Geschichte des Begriffs Mainfranken[Bearbeiten]

Der Begriff „Mainfranken" findet mindestens seit dem ausgehenden 19. Jahrhundert Verwendung. Beispielsweise sprach Reichskanzler Otto von Bismarck (1815-1898) in seinen 1898 erschienenen Memoiren Gedanken und Erinnerungen im Kapitel über Dynastien und Stämme von der Bevölkerung der „Mainfranken“. In der Geschichtsforschung findet sich der Begriff „Mainfranken" erstmals im Jahr 1913 bei Günther Schmidt im Zuge seiner Forschungen über das Herzogtum Franken. 1927 findet der Begriff erstmals Verwendung, als ihn ein Fremdenverkehrsverband in sein Titelschild aufnahm. Fritz Knapp, Professor für Kunstgeschichte an der Universität Würzburg, verwendet den Begriff umfassend in seinem Buch „Mainfranken – eine fränkische Kunstgeschichte" (1928, Verlag Stürtz, Würzburg) für die Kunstregion des Maingebiets um Würzburg.[1]

Zur Zeit des Nationalsozialismus erhielt die Bezeichnung eine offizielle Stellung: Auf Vorschlag des Gauleiters Otto Hellmuth wurde der Gau Unterfranken am 30. Juli 1935 in Gau Mainfranken umbenannt. Hellmuth strebte auch eine entsprechende Umbenennung des Regierungsbezirks (bis dahin „Unterfranken und Aschaffenburg") an, was mit dem 1. Juni 1938 umgesetzt wurde. Nach Ende des „Dritten Reiches" wurde der Name am 15. Juli 1946 durch eine Verordnung der Regierung Hoegner wieder geändert und der Regierungsbezirk „Unterfranken“.
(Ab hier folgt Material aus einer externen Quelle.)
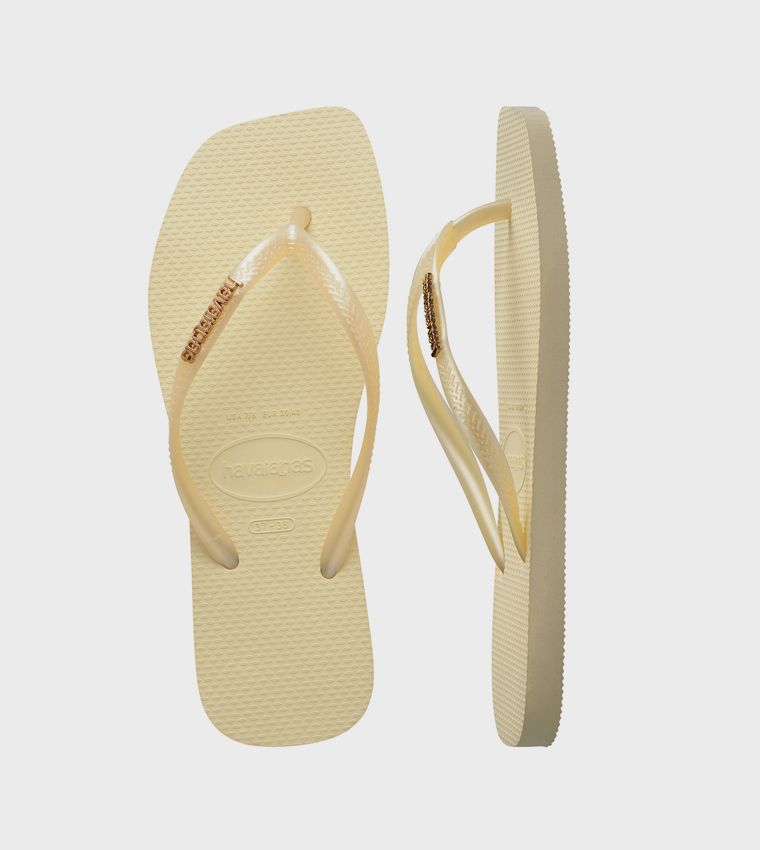 Slim Square Toe Logo Metallic Flip-Flops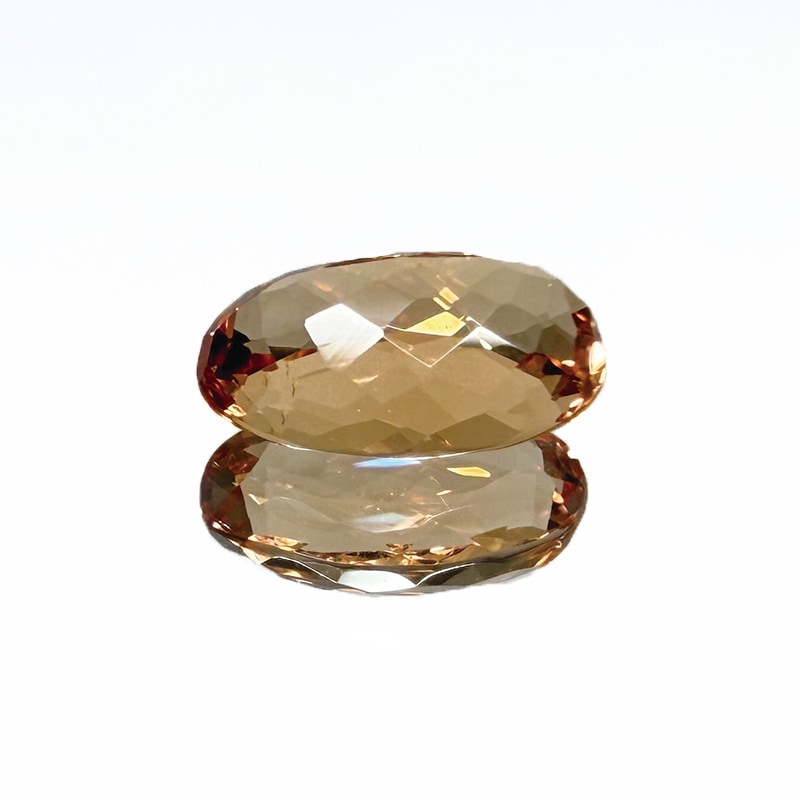 10008711:インペリアルトパーズ OV 8.2×5.3mm 1.30ct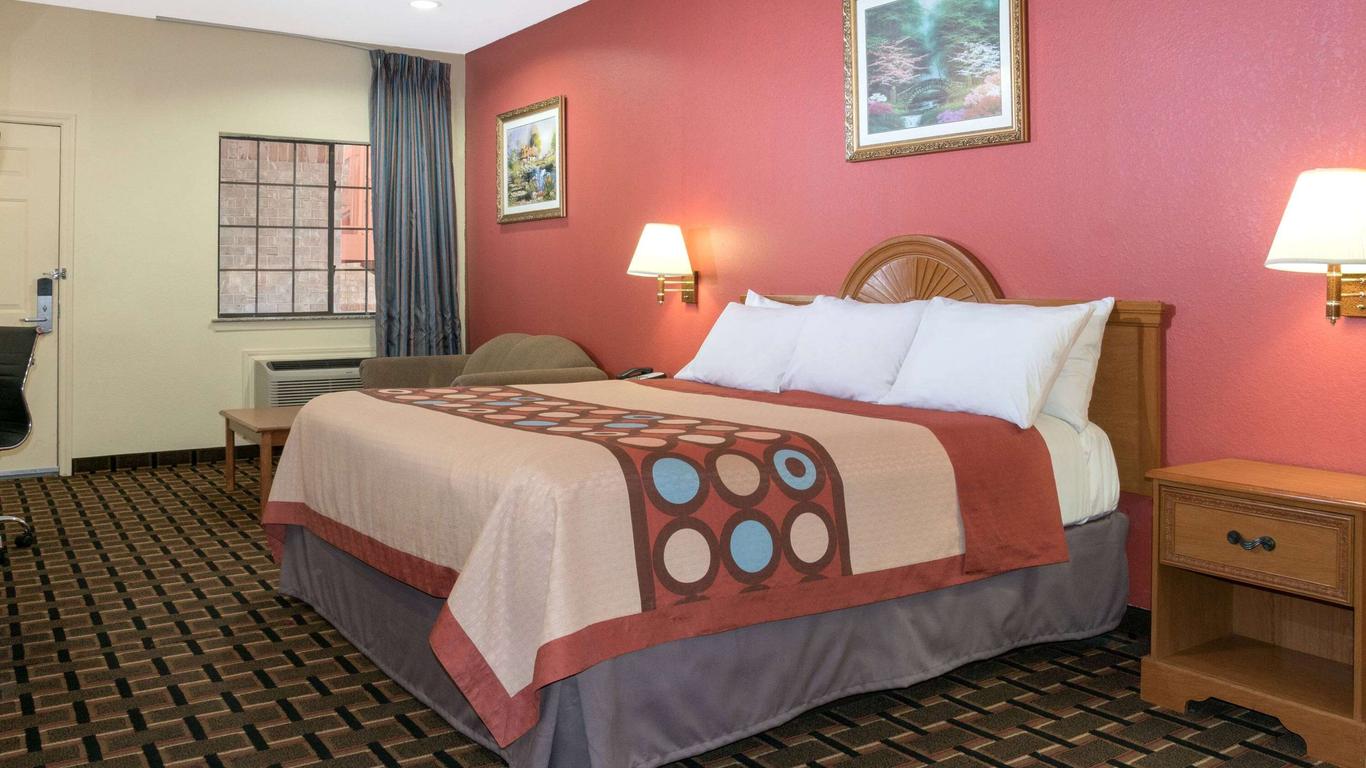 Super 8 by Wyndham Stafford Sugarland Area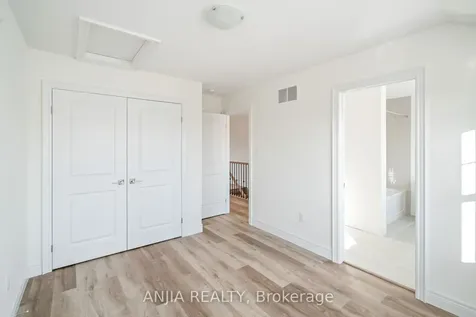 54 Beach Walk Crescent Fort Erie ON L0S 1N0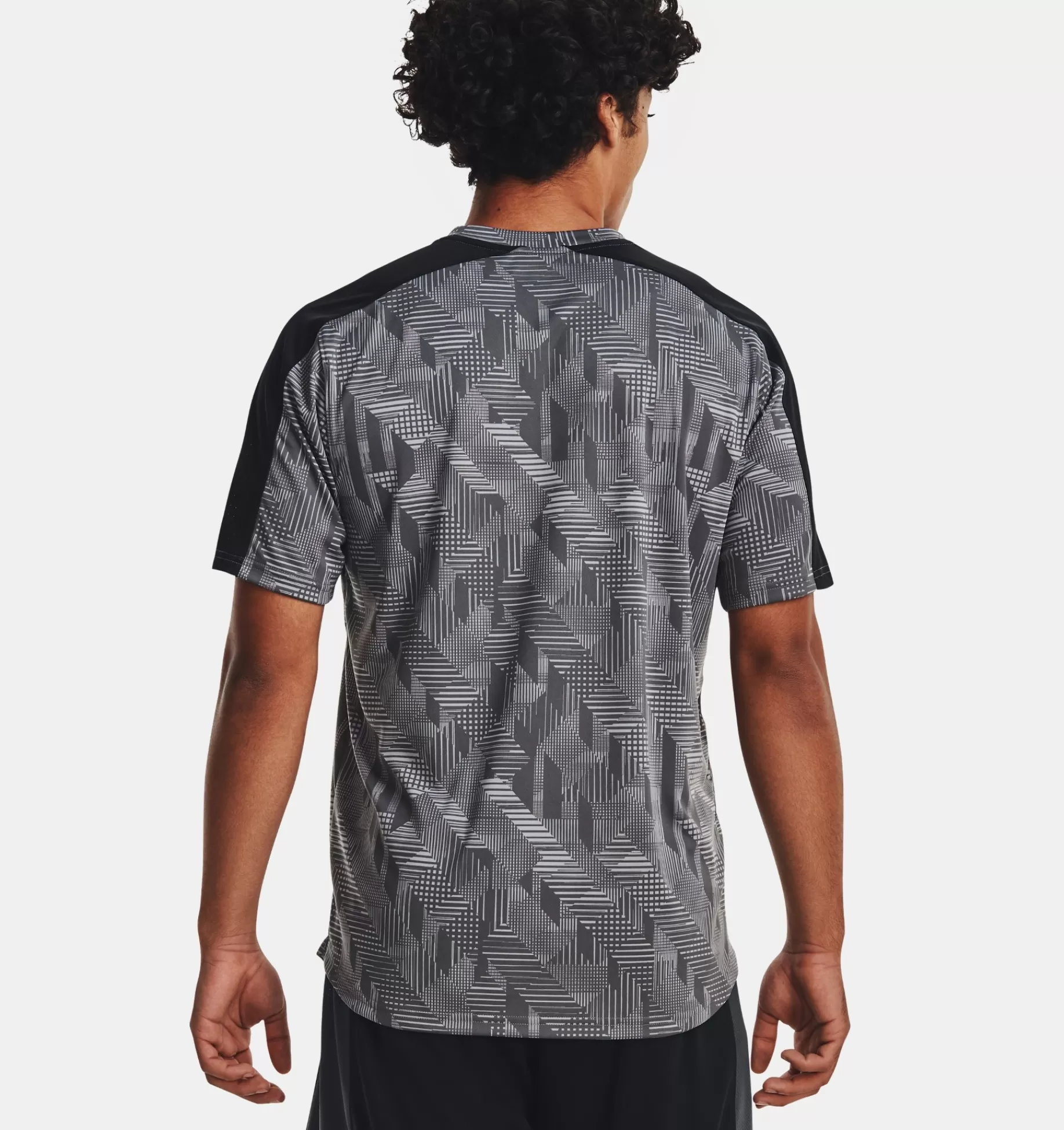 Outlet Under Armour Maglia Da Allenamento Ua Challenger Da Uomo Pitch Gray / Mod Gray - 015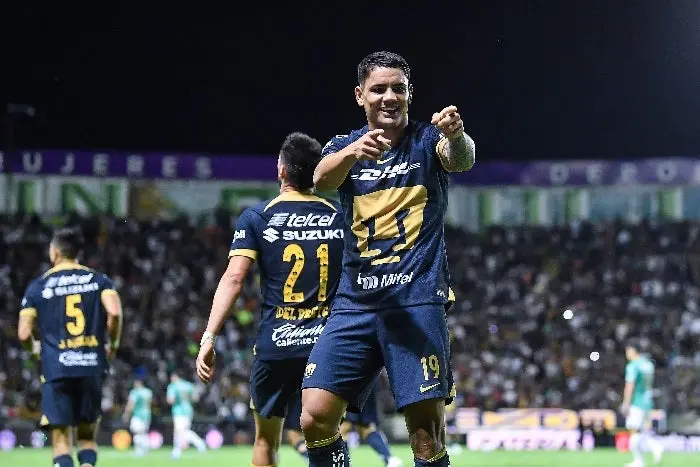 Gabriel Fernández jugando con los Pumas | IMAGO7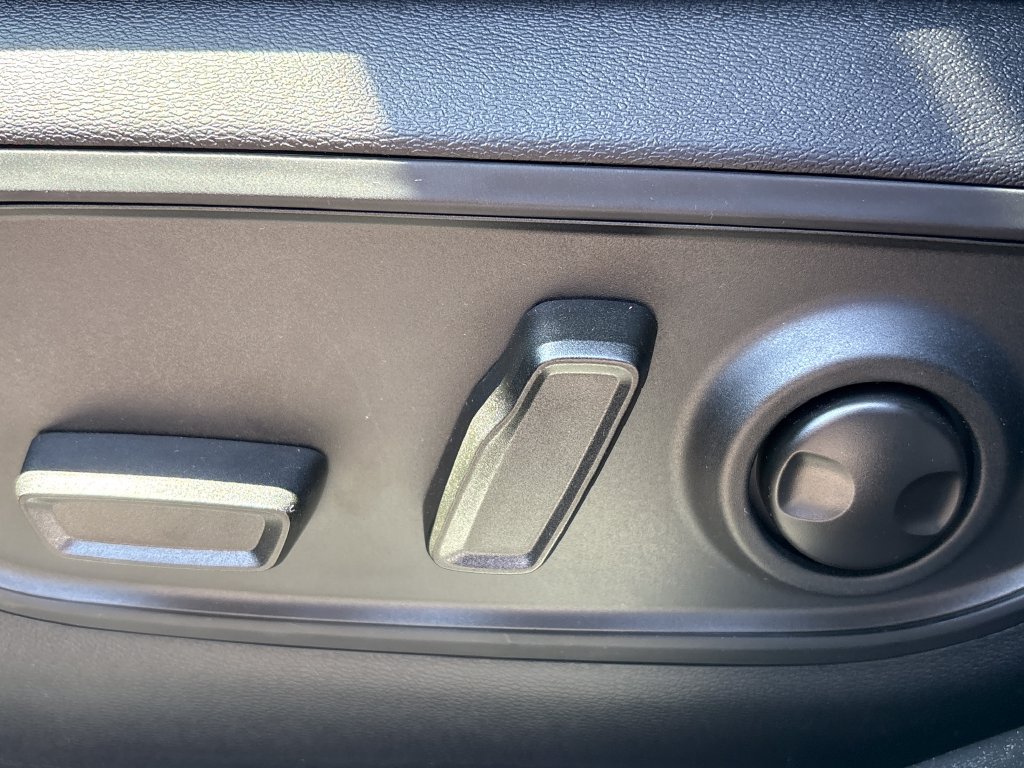 New 2026 Jeep Cherokee Laredo AWD/4WD image 31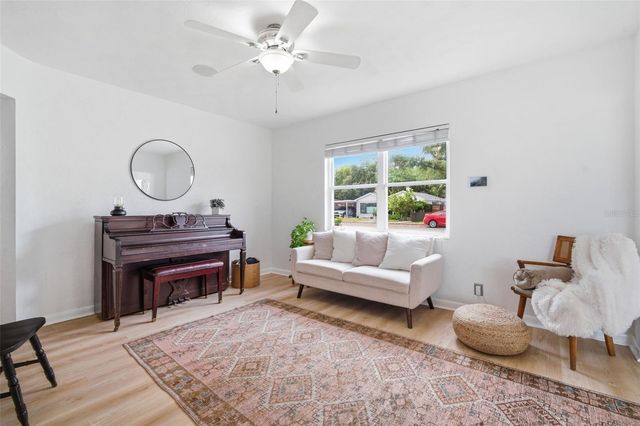 3521 W MCELROY AVENUE, Tampa, FL 33611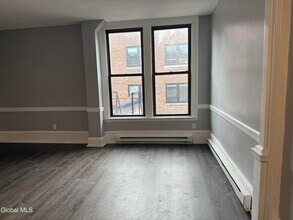 5 Broadway in Troy, NY - Foto de edificio - Building Photo
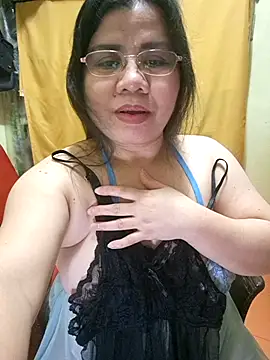 Snapshot of hotlyn45 chatting on 30, 10, 2025 hotlyn45 online show from 30, 10, 2025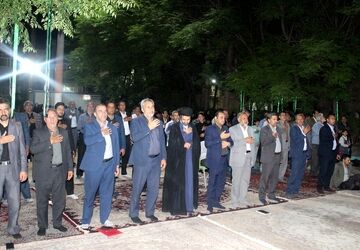 امام خمینی(ره) ملت ایران را بیدار کرد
In einigen Fällen, insbesondere im kulturell-künstlerischen Bereich, blieb die Bezeichnung „mainfränkisch" nach dem Krieg bestehen, z.B. Mainfränkisches Museum. Im Lauf der Zeit erhielt „mainfränkisch" eine nicht exakt geographisch gefasste, aber stark touristisch und kulturell geprägte Bedeutung und fand in vielen Bereichen Eingang. Teilweise auch in Institutionen der regionalen Wirtschaft z. B. die Namensumformung der „Industrie- und Handelskammer Mainfranken" (früher nur IHK Würzburg-Schweinfurt). Heute findet sich der Begriff Mainfranken gleichermaßen in Tourismus, Wirtschaftsmarketing und Weinbau wie auch im künstlerisch-kulturellen Bereich Verwendung. Umgangssprachlich wird der Begriff Mainfranken teils auch synonym für Unterfranken verwendet.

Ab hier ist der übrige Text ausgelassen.